Las procesiones

El otro día leí unas declaraciones al Der Tagesspiegel de Javier Marías, un escritor de cuyas novelas soy escasamente adepto, con motivo de la publicación de una de sus obras al alemán, ámbito en el que al parecer tiene éxito. Se pronunciaba el autor sobre temas muy diversos, con esa autoridad que, al parecer, confiere la fama. Me llamó la atención el que afirmase que durante la Semana Santa reina en Madrid una “atmósfera intolerante” hacia quienes pretenden sortear los festejos, y que describiese la iconografía de las procesiones de “inquietante”.
Madrid es una ciudad muy grande y desgarbada en la que hay que sortear cosas muy diversas, desde las inagotables e impagables obras de este alcalde, cosa en la que concuerdo con el escritor, hasta un buen centenar de manifestaciones de lo más diverso, las más de ellas promovidas por el poder político al uso con los motivos más variopintos y absurdos. A los madrileños no nos queda más que tener paciencia, ya que no hemos tenido el coraje ni la oportunidad de irnos con la música a otra parte. Sin embargo, decir que hay que sortear las procesiones y que hay intolerancia hacia quienes no participan en ellas me parece bastante extravagante. Tal vez debiera dejarse caer el señor Marías por la cosa del orgullo gay para calibrar un poco las palabras.
Decir que la iconografía es inquietante no me parece tampoco muy atinado. Salvo que el escritor quiera cubrirse con el manto del lenguaje progre (al uso de esa gente cuyo calificativo más gastado es inquietante), no parece que pueda resultar nada inquietante una imaginería más que centenaria; cualquier otro calificativo sería más adecuado que el de inquietante, incluso para manifestar un rechazo similar al de Marías.
¿Será que el novelista está empezando a imbuirse de la cristofobia que ahora está de moda? ¿Habrá descubierto algo tan negativo en la religión como para militar en su contra?

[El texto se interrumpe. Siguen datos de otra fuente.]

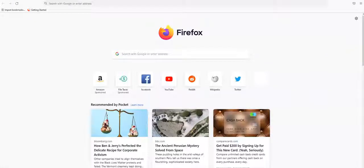Hi, I'm Elle with the ODU ePortfolio Studio. Today I'm going to take you through how to sign in to Adobe Creative Cloud Express.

Eso les está pasando a algunos intelectuales que se arremangan con argumentos más viejos que el calor, pero venden sus libros como si contaran algo nuevo.
Uno puede estar contra la religión, pero ya es más discutible que se pueda estar contra la libertad de creer de quienes creen. Yo no soy especialmente adepto a las procesiones que me recuerdan algunos aspectos de la religiosidad popular que no me son especialmente gratos, pero no puedo dejar de reconocer que a través de ellas asoman sentimientos perfectamente serios que, aunque no se deban confundir con la religión, son compañeros inseparables, pese a que se puedan manifestar de maneras muy distintas a las de las semanas santas españolas.

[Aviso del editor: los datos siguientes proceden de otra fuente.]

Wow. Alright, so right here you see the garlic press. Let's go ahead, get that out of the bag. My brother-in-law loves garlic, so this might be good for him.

De todas maneras, si tuviese que escoger entre ser devoto de La Macarena, o del Cristo de la buena muerte, y la literatura del señor Marías, no experimentaría ninguna inquietud, pero tampoco es el caso.

Madrid, de cine

Es poco frecuente ver ciudades españolas como escenario en tramas del cine internacional. Barcelona y Madrid apenas se han asomado a la pantalla, sin comparación con Londres, París o Roma y, no digamos, con las grandes ciudades americanas. Barcelona, que, en general, es más conocida y mencionada que Madrid, ha tenido, últimamente, la suerte de Woody Allen, aunque Allen esté ahora en su ocaso.
Por eso me ha sorprendido la aparición de Madrid en buena parte de la trama de
La lista, una película algo menos que buena y escasamente recomendable, pero rodada con calidad y montada comercialmente sobre el star system, lo que siempre supone una cierta garantía de difusión.
Madrid aparece como escenario bancario, seguramente como muestra del prestigio y la notoriedad de la banca española. Lo notable es que las apariciones de la ciudad son de excelente calidad, porque la película está muy bien rodada y porque los planos que se ofrecen al espectador, la Gran Vía, Cibeles, el Retiro, la plaza Mayor, el Madrid de los Austrias, funcionan muy bien bajo el lujoso cielo matritense, y prestan a la imagen una coloración sentimental muy atractiva que hace perfectamente creíble una peripecia algo desquiciada. Los taxis están limpios, no se ven atascos, los paseantes, más morenos que en la realidad, parecen contentos de vivir.
España no ocupa un lugar central en la imagen actual del mundo y sus ciudades no se han adscrito de manera sólida a ninguna de las categorías predominantes en la cinematografía: no son ni capitales financieras, ni lugares románticos ni espacios exóticos. Por lo demás, el cine español, frecuentemente centrado en escenas intimistas, tampoco ha hecho gran cosa por resaltar sus atractivos visuales. Hará falta, pues, una política más intensa de nuestras ciudades para convertirlas en teatro de tramas que interesen al mundo entero, ya que suponen un impulso importante al turismo. No tengo duda de que los espectadores de
La lista que no conozcan Madrid, tendrán más ganas que antes de darse un garbeo por nuestras calles.